Bangsa secara umum dapat diartikan sebagai “Kesatuan orang-orang yang sama asal keturunan, adat, agama, dan historisnya”. Bangsa adalah sekelompok besar manusia yang memiliki cita-cita moral dan hukun yang terikat menjadi satu karena keinginan dan pengalaman sejarah di masa lalu serta mendiami wilayah suatu Negara.
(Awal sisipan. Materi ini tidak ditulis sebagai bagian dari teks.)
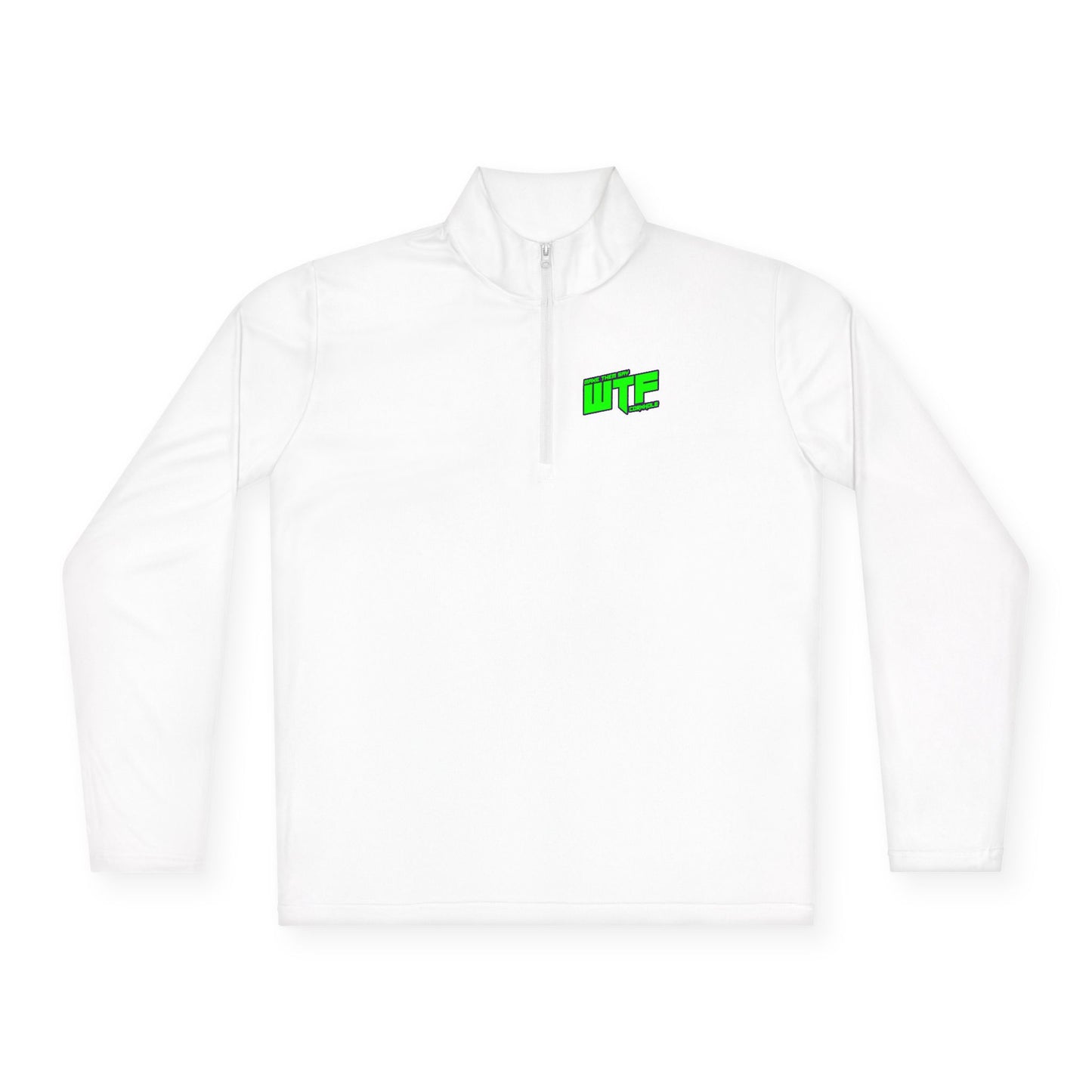 Quarter-Zip Pullover with Neon "WTF" Chest Graphic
Mengenai makna atau pengertian Bangsa, banyak tokoh atau ahli ketatanegaraan yang mengemukakan pendapatnya, antara lain sebagai berikut:
1. Ernest Renan
Sebagai Ilmuwan Prancis, Ernest Renan berpendapat bahwa bangsa terbentuk karena adanya keinginan untuk hidup bersama dengan perasaan kesetiakawanan yang Agung.
2. F.Ratzel
Seorang ahli dari Jerman ini berpendapat bahwa sebuah bangsa terbentuk karena adanya hasrat bersatu. Hasrat atau keinginan tersebut muncul karena adanya perasaan kesatuan antara manusia dan lingkungan tempat tinggalnya.
3. Hans Kohn
Ilmuwan dari Jerman ini berpendapat bahwa bangsa adalah buah hasil tenaga hidup manusia dalam sejarah.
4. Jalobsen dan Lipman
Berpendapat bahwa bangsa adalah suatu kesatuan budaya dan kesatuan politik (Culture Unity and Political Unity).
5. Otto Bauer
Ilmuwan dari Jerman ini berpendapat bahwa pengertian bangsa adalah sekelompok manusia yang mempunyai kesamaan karakter atau sifat, karena adanya persamaan nasib.
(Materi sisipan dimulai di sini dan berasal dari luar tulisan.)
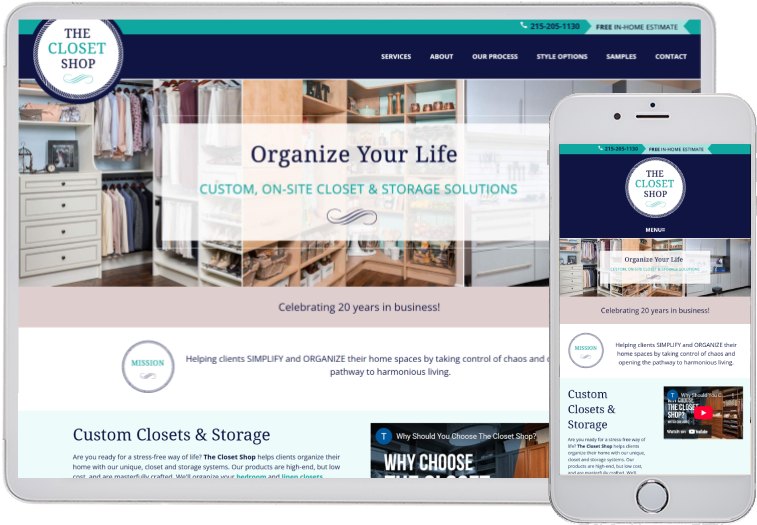 The Closet Shop website on devices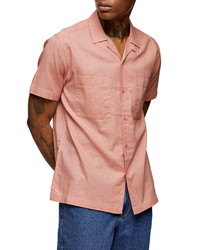 Topman Slub Short Sleeve Button Up Camp Shirt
Dari pendapat-pendapat tersebut masih ada banyak lagi tentang pengertian Bangsa, yaitu Bangsa adlaah “Rakyat yang telah mempunyai kesatuan tekad untuk membangun masa depan bersama, dengan cara mendirikan suatu Negara yang akan mengurus terwujudnya aspirasi dan kepentingan bersama secara adil”.

AMANAT BUNG KARNO

Ernest Renan berkata: bangsa adalah satu jiwa
Memang benar begitu!
Marilah kita kembali kepada jiwa kita sendiri! Jangan kita menjadi satu bangsa tiruan! Jiwa Indonesia adalah jiwa gotong royong, jiwa persaudaraan, jiwa kekeluargaan. Kita telah merumuskan jiwa yang demikian itu dengan apa yang dinamakan Pancasila. Hanya Pancasila yang sesuai dengan jiwa Indonesia.
Marilah kita setia kepada Proklamasi 17 Agustus 1945, -Proklamasi yang bernafas Pancasila!